ReadersFavorite More than 1 year ago
Reviewed by Sylvia Heslin for Readers' Favorite For second-generation Goth princess, Emylene Stipes, life is anything but normal. Born to first-generation Goth parents, Vandy and Theo Stipes, Emylene, their only child, is rebellious and is revered by the Goth community. "Perverse" by Larry Rodness is a story where myths meet legends, and those legends then become truth. Nineteen-year old Emylene wants an identity to call her own, an identity that is not an extension of that of her parents. Seeking the need to be independent from her parents and all that goes with it, Emylene ventures out on her own to start a new life. Lured into an antique shop owned by an elderly man, Emylene sees a mesmerizing old canvas charcoal sketch in the window of an antique shop, and decides to buy it. From that instant life for Emylene and that of her parents will never be the same. Mysterious footprints appear in the snow out of nowhere, and three cloaked men and a strange girl in the picture sketch is just the beginning. And if a picture does speak a thousand words, the horror that is unveiled is only the beginning for Emylene and will forever change her life. The book "Perverse" written by Larry Rodness is a dark, haunting, supernatural story that I really enjoyed reading. The story of Emylene and the cursed sketch is what dreams and nightmares are made from, and this story really does put a classic spin on the “be careful what you wish for” mentality. I think that "Perverse" is well written and that Larry Rodness has a clever way of telling a story that is clouded in mystery, fear and anticipation.
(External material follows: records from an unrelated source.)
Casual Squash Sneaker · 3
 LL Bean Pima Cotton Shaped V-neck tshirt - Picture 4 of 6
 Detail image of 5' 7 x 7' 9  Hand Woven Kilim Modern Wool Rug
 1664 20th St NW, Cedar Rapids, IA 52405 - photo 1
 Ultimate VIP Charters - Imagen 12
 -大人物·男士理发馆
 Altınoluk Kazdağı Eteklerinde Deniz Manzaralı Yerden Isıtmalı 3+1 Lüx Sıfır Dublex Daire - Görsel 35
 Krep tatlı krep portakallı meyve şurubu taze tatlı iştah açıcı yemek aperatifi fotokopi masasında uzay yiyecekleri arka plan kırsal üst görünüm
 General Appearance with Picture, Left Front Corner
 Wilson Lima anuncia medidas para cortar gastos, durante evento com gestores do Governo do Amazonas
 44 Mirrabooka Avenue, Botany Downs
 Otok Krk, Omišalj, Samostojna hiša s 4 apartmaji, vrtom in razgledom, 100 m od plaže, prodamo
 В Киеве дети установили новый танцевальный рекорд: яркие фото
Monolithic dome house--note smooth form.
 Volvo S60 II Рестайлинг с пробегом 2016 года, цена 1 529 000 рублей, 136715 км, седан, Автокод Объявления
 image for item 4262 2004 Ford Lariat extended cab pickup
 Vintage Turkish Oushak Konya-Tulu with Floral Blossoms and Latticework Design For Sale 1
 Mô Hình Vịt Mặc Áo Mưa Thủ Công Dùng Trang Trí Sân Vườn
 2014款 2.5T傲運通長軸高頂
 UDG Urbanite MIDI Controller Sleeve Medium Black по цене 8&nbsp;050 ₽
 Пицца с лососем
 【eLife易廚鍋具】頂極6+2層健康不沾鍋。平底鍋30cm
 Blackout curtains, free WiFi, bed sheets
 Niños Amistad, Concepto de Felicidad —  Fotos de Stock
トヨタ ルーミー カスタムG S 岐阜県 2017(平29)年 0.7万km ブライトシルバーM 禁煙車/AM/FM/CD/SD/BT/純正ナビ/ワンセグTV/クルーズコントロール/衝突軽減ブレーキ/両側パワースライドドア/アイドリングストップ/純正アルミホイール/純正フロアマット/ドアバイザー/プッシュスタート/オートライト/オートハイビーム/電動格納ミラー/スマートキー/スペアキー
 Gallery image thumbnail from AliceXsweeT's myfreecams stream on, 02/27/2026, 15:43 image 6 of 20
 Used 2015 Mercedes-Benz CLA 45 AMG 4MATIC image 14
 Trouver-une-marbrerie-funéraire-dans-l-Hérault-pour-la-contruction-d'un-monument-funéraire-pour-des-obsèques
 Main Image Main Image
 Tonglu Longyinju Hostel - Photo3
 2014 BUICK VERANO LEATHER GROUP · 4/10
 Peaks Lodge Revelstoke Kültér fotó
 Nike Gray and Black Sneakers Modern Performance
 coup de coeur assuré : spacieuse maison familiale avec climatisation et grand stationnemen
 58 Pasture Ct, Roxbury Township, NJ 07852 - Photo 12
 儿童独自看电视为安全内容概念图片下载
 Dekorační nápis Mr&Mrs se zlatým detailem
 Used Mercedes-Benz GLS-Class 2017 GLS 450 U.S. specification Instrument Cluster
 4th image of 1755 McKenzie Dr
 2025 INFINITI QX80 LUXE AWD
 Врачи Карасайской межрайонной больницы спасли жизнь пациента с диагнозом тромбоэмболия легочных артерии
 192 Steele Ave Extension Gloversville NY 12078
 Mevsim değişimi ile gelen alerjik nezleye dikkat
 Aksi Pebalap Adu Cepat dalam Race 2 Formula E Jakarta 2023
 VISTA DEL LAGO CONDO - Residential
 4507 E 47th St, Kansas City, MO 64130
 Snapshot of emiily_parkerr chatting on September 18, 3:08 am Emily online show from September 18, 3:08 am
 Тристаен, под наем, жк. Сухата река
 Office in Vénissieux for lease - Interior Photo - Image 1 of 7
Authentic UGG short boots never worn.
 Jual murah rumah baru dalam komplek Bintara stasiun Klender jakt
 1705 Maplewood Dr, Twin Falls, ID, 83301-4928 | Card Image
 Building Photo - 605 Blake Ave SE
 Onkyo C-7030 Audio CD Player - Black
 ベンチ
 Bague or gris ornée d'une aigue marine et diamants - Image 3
Although I didn’t start out liking the character of Emylene Stipes, as the storyline progressed I started feeling empathy towards the character and was routing for her success. I really liked the way author Larry Rodness wrote his different characters, and how they made the storyline of "Perverse" that much more interesting. I am sure "Perverse" will appeal to a variety of age ranges, from the older adult to the older teen.